This three-part series (see Related topics) on the AIX® disk and I/O subsystem focuses on the challenges of optimizing disk I/O performance. While disk tuning is arguably less exciting than CPU or memory tuning, it is a crucial component in optimizing server performance. In fact, partly because disk I/O is your weakest subsystem link, there is more you can do to improve disk I/O performance than on any other subsystem.

The first and second installments of this series discussed the importance of architecting your systems, the impact it can have on overall system performance, and a new I/O tuning tool, lvmo, which you can use to tune logical volumes. In this installment, you will examine how to tune your systems using the ioo command, which configures the majority of all I/O tuning parameters and displays the current or next boot values for all I/O tuning parameters. You will also learn how and when to use the filemon and fileplace tools. With enhanced journaled file system, the default file system within AIX, improving your overall file system performance, tuning your file systems, and getting the best out of the JFS2 are all important parts of your tuning toolkit. You'll even examine some file system attributes, such as sequential and random access, which can affect performance.

File system overview

This section discusses JFS2, file system performance, and specific performance improvements over JFS. As you know, there are two types of kernels in AIX. There is a 32-bit kernel and a 64-bit kernel. While they both share some common libraries and most commands and utilities, it is important to understand their differences and how the kernels relate to overall performance tuning. JFS2 has been optimized for the 64-bit kernel, while JFS is optimized for the 32-bit kernel. Journaling file systems, while much more secure, historically have been associated with performance overheads. In a Performance Rules shop (at the expense of availability), you would disable metadata logging to increase performance with JFS. With JFS2, you can also disable logging (in AIX 6.1 and higher) to help increase performance. You can disable logging at the point of mounting the filesystem, which means that you don't need to worry about changing or reconfiguring the filesystem. You can instead just modify your mount options. For example, to disable logging on filesystem you would use the following: mount -i log=NULL /database.

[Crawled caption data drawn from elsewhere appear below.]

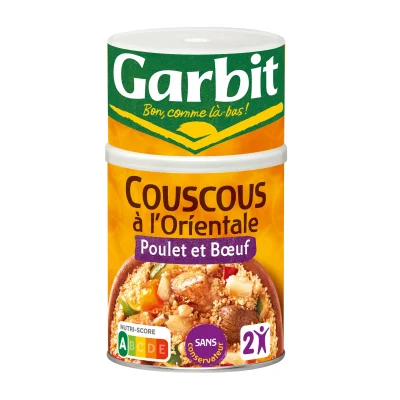 Prix Garbit Couscous Royal Poulet & Boeuf 980g à La Réunion
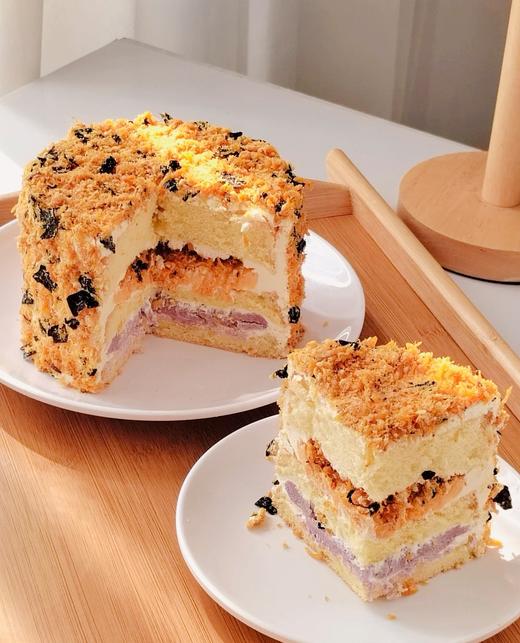 金沙咸蛋黄芋泥肉松蛋糕-自提价格 商品图0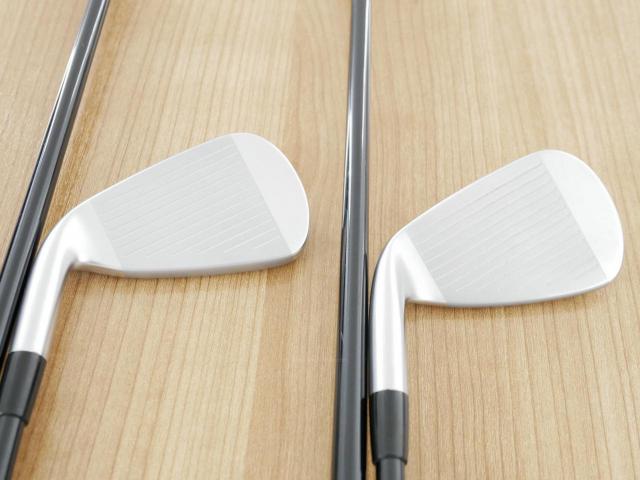 Iron set : Mizuno : ชุดเหล็ก Mizuno JPX 919 Hot Metal (ออกปี 2019 ตัวท๊อป ใบใหญ่ ไกล หน้าเด้ง) มีเหล็ก 5-Pw (6 ชิ้น) ก้านกราไฟต์ Flex R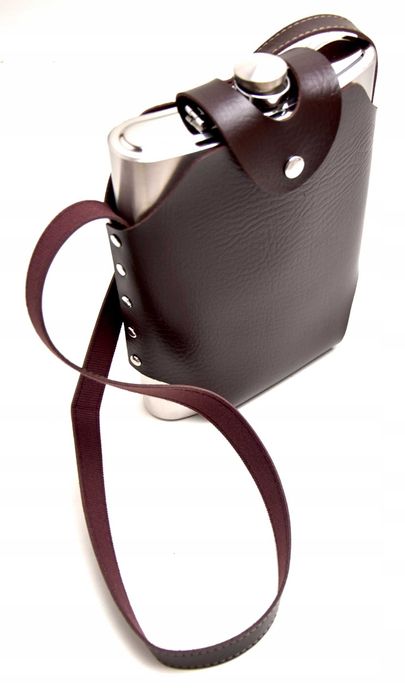 Piersiówka Duża Pasek Na Ramię XL 1,5 Litra Stal Prezent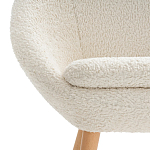 Кресло на деревянных ножках с обивкой из ткани букле Aldo Boucle Armchair варинант исполнения - 5 | Loft Concept в Новосибирске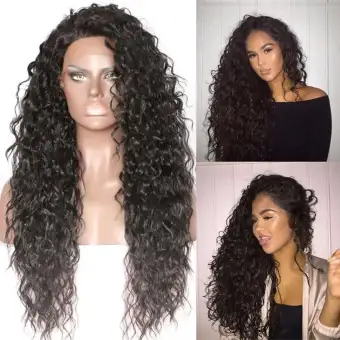 New Arrival Curly Glueless Front Lace Full Hair Care Black Women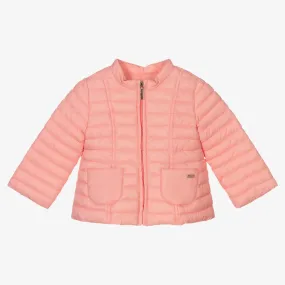 Girls Pink Puffer Jacket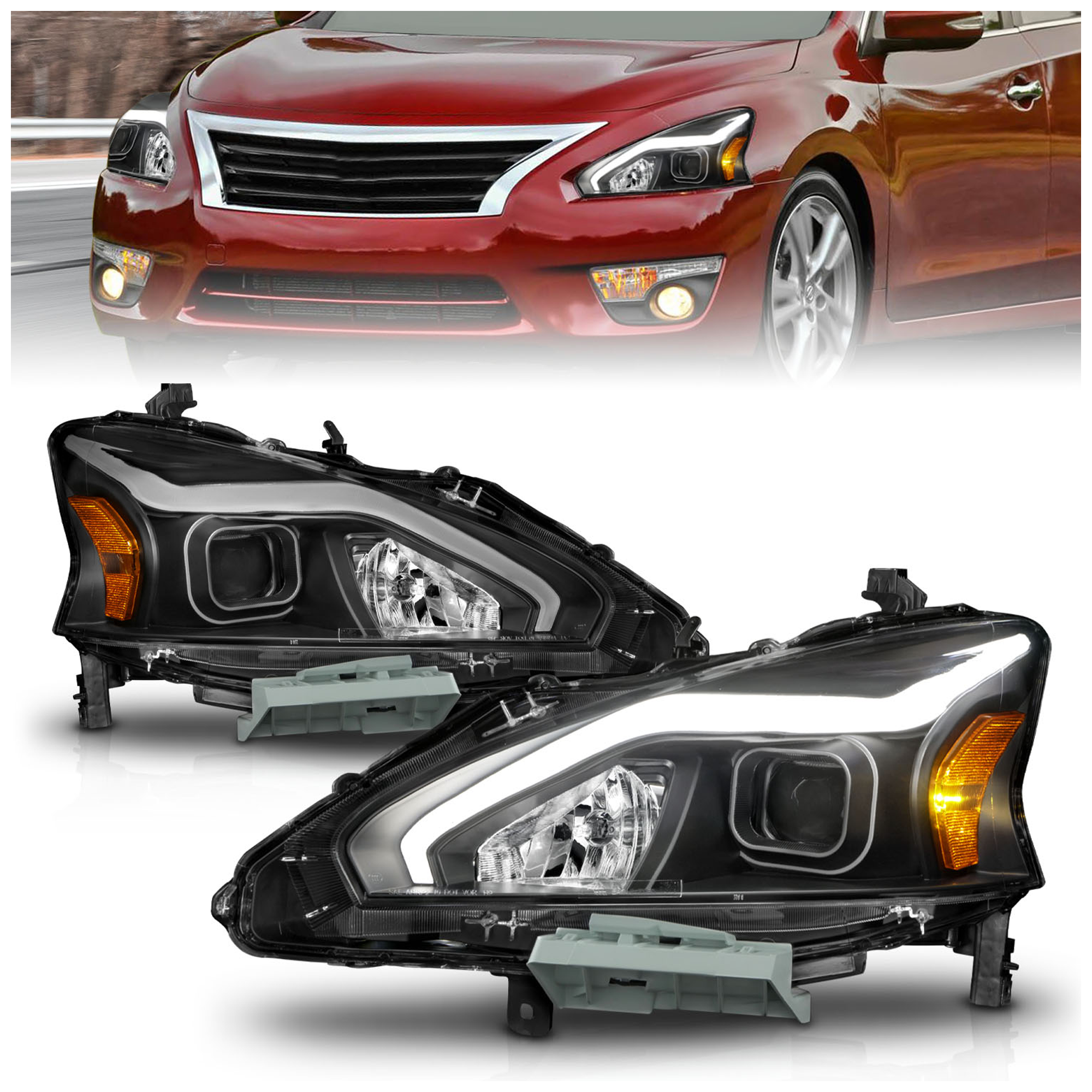 AM 2013-2015 NISSAN ALTIMA Projector Headlights SKU A1R121569 Partslink NI2502208 NI2503208 OEM NI2502208-260103TA9A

Although JFS2 was optimized to improve the performance of metadata operations, that is, those normally handled by the logging framework, switching logging off can have a significant performance benefit for filesystems where there is a high proportion of file changes and newly created/deleted files. For example, filesystems on development filesystems may see an increase in performance. For databases where the files used are static, the performance improvement may be less significant.

However, you should be careful making use of compression. Although compression can save disk space (and disk reads and writes, since less data is physically read from or written to the disk), the overhead on systems with a heavy CPU loads can actually slow performance down.

Enhanced JFS2 uses a binary tree representation while performing inode searches, which is a much better method than the linear method used by JFS. Furthermore, you do not need to assign inodes anymore when creating file systems, as they are now dynamically allocated by JFS2 (meaning you won't be running out of them).

While concurrent I/O was covered in the first installment of the series, it's worth another mention here. Implementation of concurrent I/O allows multiple threads to read and write data concurrently to the same file. This is due to the way in which JFS2 is implemented with write-exclusive inode locks. This allows multiple users to read the same file simultaneously, which increases performance dramatically when multiple users read from the same data file. To turn concurrent I/O on, you just need to mount the f/s with the appropriate flags (see Listing 1). We recommend that you look at using concurrent I/O when using databases such as Oracle.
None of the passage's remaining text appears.